#### Extracted information ####
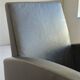 "J" armchairs by Philippe Starck for Aleph, 1989, set of 2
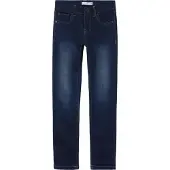 Name it Jeans 'Theo' donkerblauw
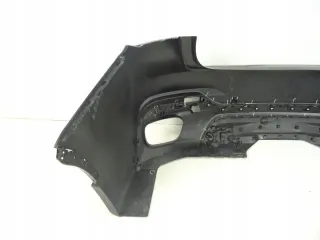 51128056534 Бампер задний BMW X6 F16 Арт e11665542, вид 5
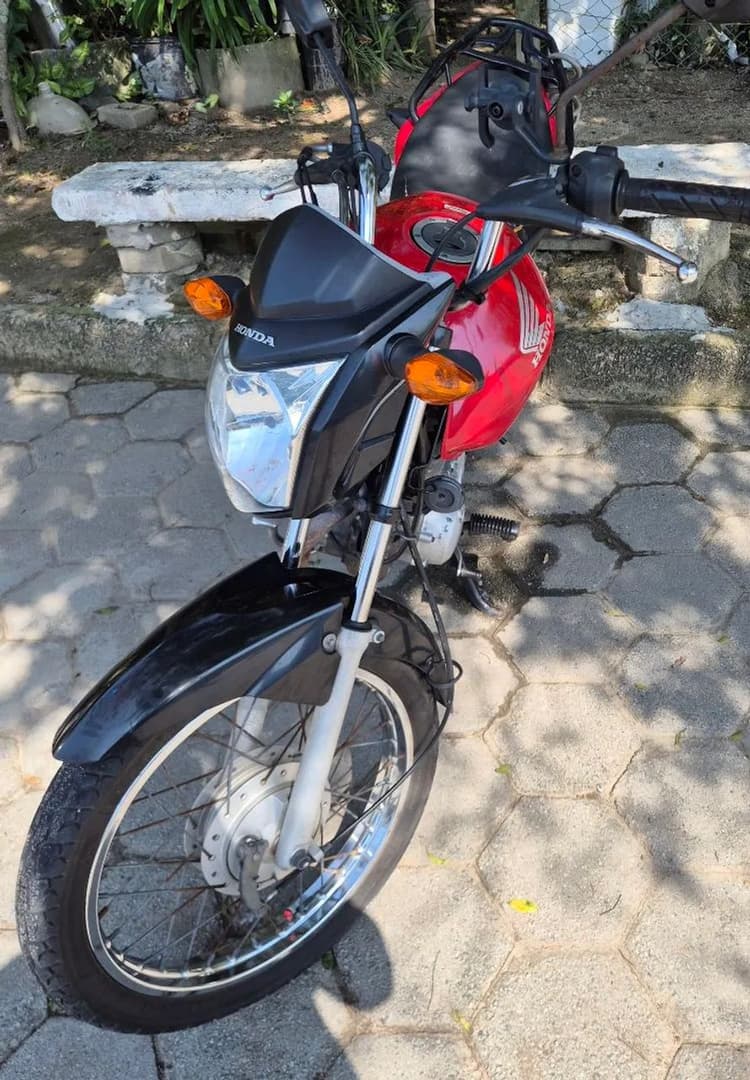 Fan 125 2017/2017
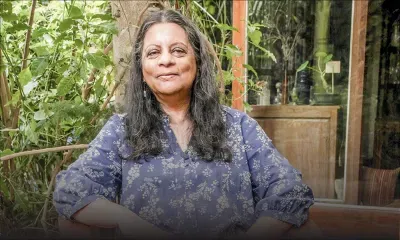 Adi Teelock: «L’Environment Bill débattu au Parlement ne peut être qualifié de moderne»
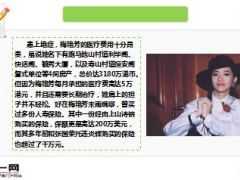 翁虹买保险就是积累财富17页.ppt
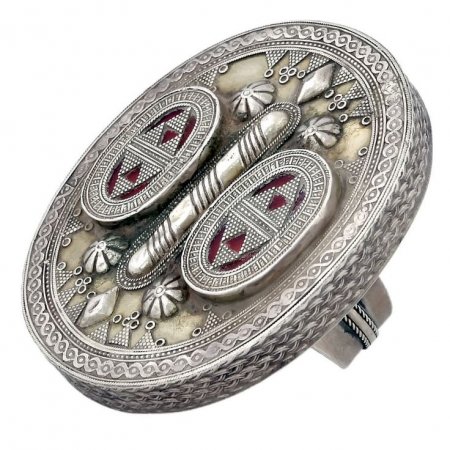 СЫРҒА ТОЛЫ САҚИНА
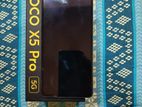 Xiaomi Poco x5 pro (Used)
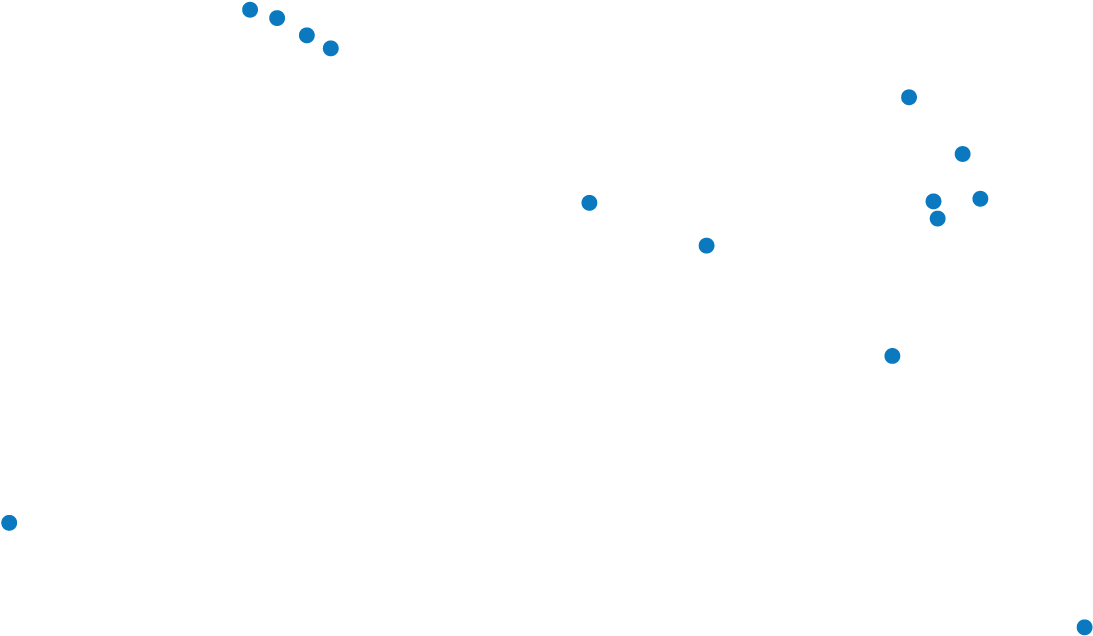Canada - Bmo Capital Markets White Logo (1888x936), Png Download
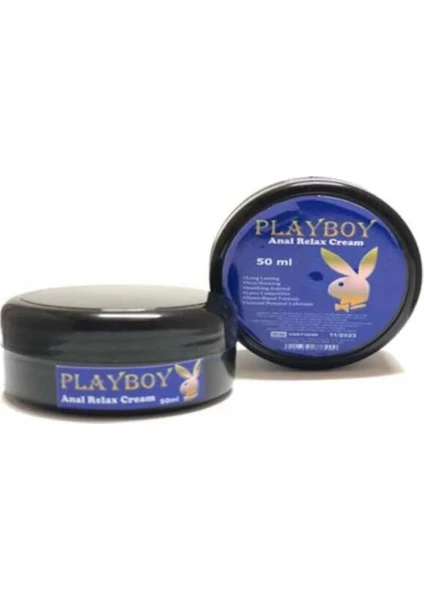 PLAYBOY DELAY 50ML
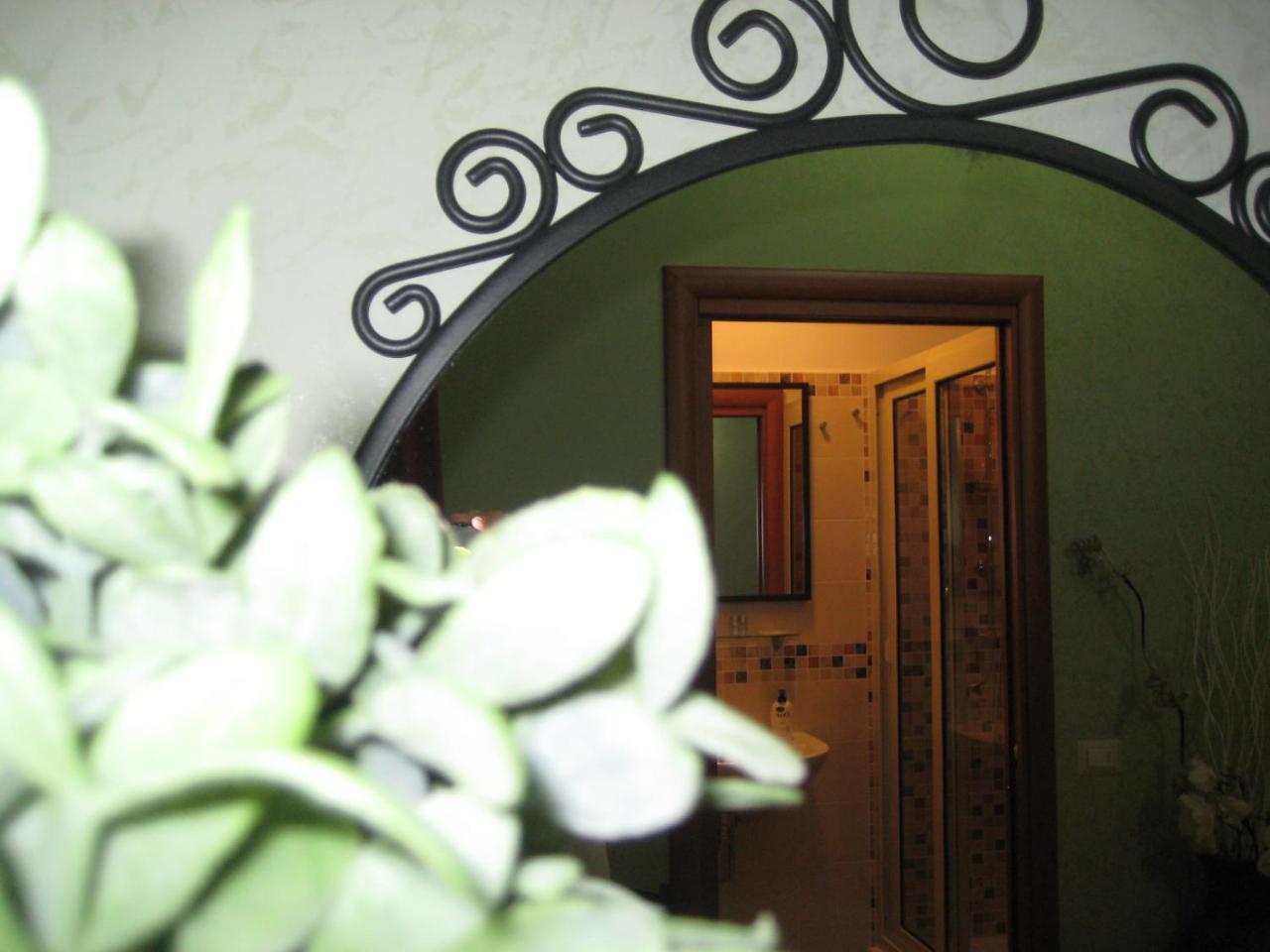 Oasi Del Lago Regalbuto Extérieur photo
####
▶ **The task**:
Print the material word for word; images are to be left out.

▶ **Exercise solution**:
 "J" armchairs by Philippe Starck for Aleph, 1989, set of 2
 Name it Jeans 'Theo' donkerblauw
 51128056534 Бампер задний BMW X6 F16 Арт e11665542, вид 5
 Fan 125 2017/2017
 Adi Teelock: «L’Environment Bill débattu au Parlement ne peut être qualifié de moderne»
 翁虹买保险就是积累财富17页.ppt
 СЫРҒА ТОЛЫ САҚИНА
 Xiaomi Poco x5 pro (Used)
Canada - Bmo Capital Markets White Logo (1888x936), Png Download
 PLAYBOY DELAY 50ML
 Oasi Del Lago Regalbuto Extérieur photo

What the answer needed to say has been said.